My experiences with the typhoon (the only style I have built) is that it is great, when it is out of bolter range. a tactical squad will actually destroy it if they ever get into rapid fire range - jink and whatever other boosts for saving throws you can give it added - barring terrible dice.

Only having 2 HPs and AV10 all around makes it die to a sneeze; In 5th it effectively took an dedicated anti-tank weapon to put one out of commission for good (ML and up) since it could shake off bolters due to 5ths glace/pen table to little to no effect.

I would say that land speeders are a lot worse now than in 5th, weapon load out is dependent on list builds, but the most noteworthy (typhoon) from last edition has to be played a lot more defensively than before. It now wants to sit in the 36-48" range rather than 24-48" due to the new rapid fire & snap fire rules, which once again means that units with only bolter weapons scare the crap out of the speeders.


----------



## Xabre (Dec 20, 2006)

Dark Angels are probably the codex that will see the most use out of Landspeeders, simply because they have the most different _types_ available to them. The Vengeance is still an AV 10 'heavy' landspeeder, using a 24" plasma weapon. Sadly that brings it too close to too many weapons that can blow it up too easily. The Darkshroud is an interesting little toy that allows everything around it to get Shrouded, which, coupled with jink, means that it can have some durability... but honestly, there are too many things that ignore Cover lately. Plus of course they have access to more Landspeeders than anyone else. They can take them as Support Squadrons in the Fast Attack slot, and also as part of the Ravenwing Attack squad if it's full of bikes and the Attack Bike. Again, the Typhoon is probably the most common configuration because it can hide in a corner and blow stuff up from afar.


----------



## Archon Dan (Feb 6, 2012)

My 6th ed Philosophy on Land Speeders is that they should be used for anti-horde. Dark Angels can make a killer use of this build because they can take a squad of 5 over 3. Either, a squad with Heavy Bolters and Typhoons can cause serious problems for a horde army. I say, leave them in Reserve and come on from the board edge. Being able to move 12" and fire both weapons should put quite a bit in range after a turn or 2 of enemy movement.

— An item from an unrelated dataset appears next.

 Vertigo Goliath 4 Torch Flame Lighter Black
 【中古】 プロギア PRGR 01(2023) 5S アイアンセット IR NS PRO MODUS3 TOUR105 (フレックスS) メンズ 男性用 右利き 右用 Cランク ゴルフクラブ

Maybe I'm just used to Dark Eldar but I don't think AV10 with a 5+ Jink is too terrible. You just have to know how to use. That is, you need to know when to be careful and when a reckless risk is worthwhile. But so few players want to take those gambles.


----------



## Fallen (Oct 7, 2008)

you also usually have shenanigans to reduce enemy range by 6" and an invul save.

and your AV10 vehicles are transports, which will at some point in time have to get close to the enemy.


----------